Treat a remote KISS server (LoRa digi, AGWPE, another graywolf, or any TNC speaking KISS-over-TCP) as a full graywolf channel — beacon into it, digipeat across it, iGate from it.

Overview

A remote KISS TNC is any device on your network that exposes a KISS-over-TCP server: the most common example is a LoRa APRS digipeater running the KISS server alongside its packet radio, but anything that speaks KISS-over-TCP qualifies (Direwolf in NCHANNEL mode, a second graywolf instance running a KISS server, an AGWPE-speaking TNC with a KISS translator, or a bespoke microcontroller project). Graywolf can dial that server as a client and stay connected across reconnects, treating the link as a first-class radio channel.

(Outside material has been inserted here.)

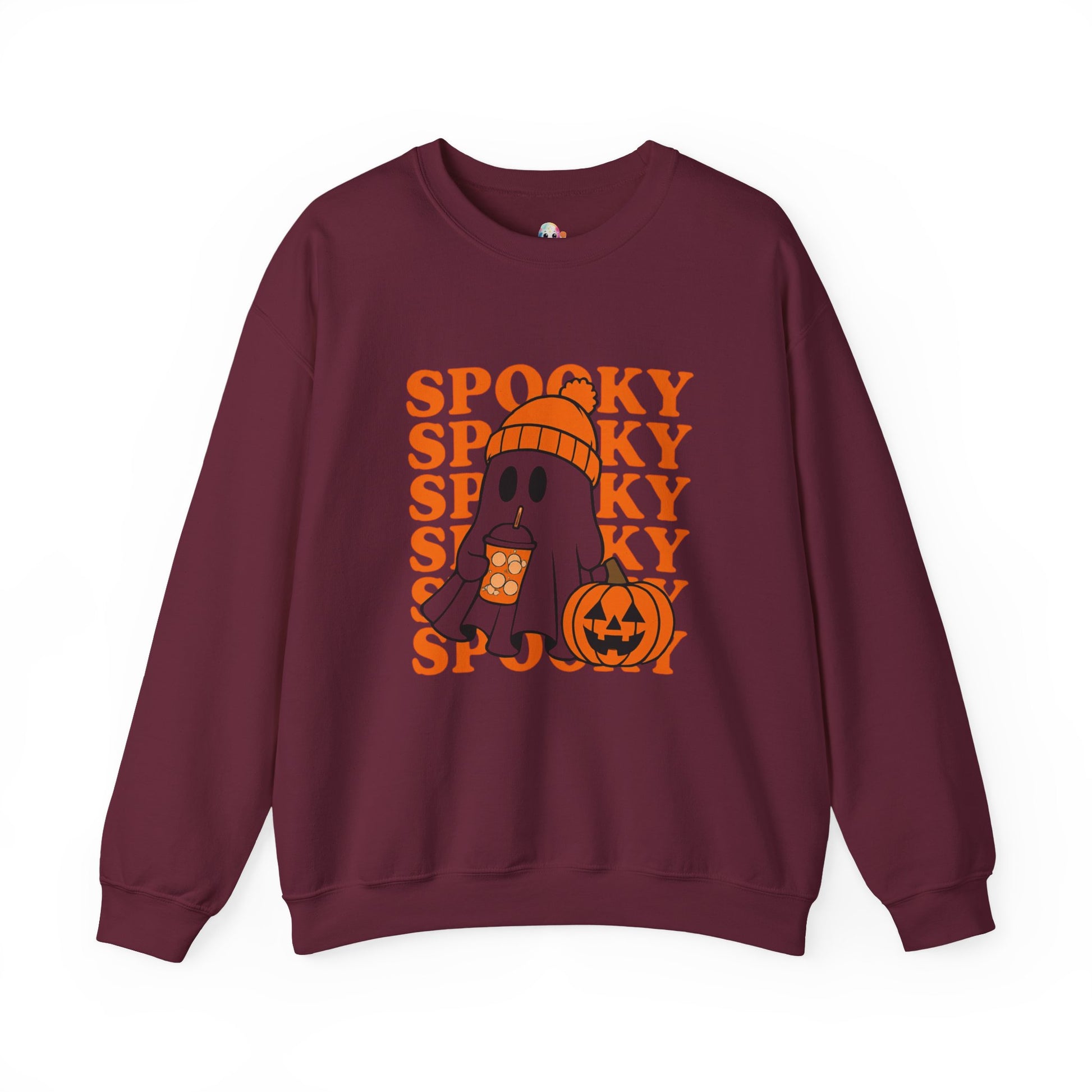 Spooky Ghost Sweatshirt - Cozy Halloween Crewneck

Why do it? The canonical reason is bridging: you run a VHF APRS station on 144.39 MHz and want traffic heard on the VHF radio to cross-gate onto a local LoRa APRS network (and vice versa), so APRS coverage extends across bands and physical networks without a second radio. Other uses: split a station's RF front end across two hosts, share one iGate uplink across multiple packet radios, or let a mobile digipeater backhaul to a fixed station over IP when in range of Wi-Fi.

When graywolf connects to a remote KISS TNC, the link behaves exactly like an audio-backed channel: received frames flow into the packet log, digipeater rules, iGate, and the dashboard; beacons scheduled on that channel transmit out the TNC link; and digipeater rules can bridge between the remote link and your RF channels. The only thing absent is the software modem — there is no carrier to sense, no PTT to key, and no audio device to attach.

Worked Example: Bridging VHF APRS to a LoRa APRS Digipeater

This example mirrors the classic Direwolf NCHANNEL setup: graywolf runs a VHF APRS station on channel 1 (audio modem) and extends coverage onto a local LoRa APRS network by dialing the LoRa digipeater's KISS server on channel 11. A cross-channel digipeater rule cross-gates traffic between the two.

Step 1 — Create a KISS-only channel

Open Radio → Channels in the web UI.
Click + Add Channel.
In the channel-type segmented control at the top of the form, choose KISS-TNC only. The audio device, modem type, and TX timing fields disappear — a KISS-only channel is a logical routing lane, not a modulated radio channel.
Name it LoRa (or whatever describes the remote network). Give it a channel number that doesn't collide with your existing RF channels; 11 is a common choice for a first KISS-only channel.
Click Save. The channel appears on the list with a KISS-TNC only badge. Its backing will show — Unbound until you attach a KISS interface in the next step.

No RF modulation happens on a KISS-only channel. Do not set its modem type, bit rate, or TX timing — those fields are hidden for a reason. The channel is a pointer the digipeater, beacon, and iGate subsystems use to route frames; the actual transmission happens out the KISS interface attached to it.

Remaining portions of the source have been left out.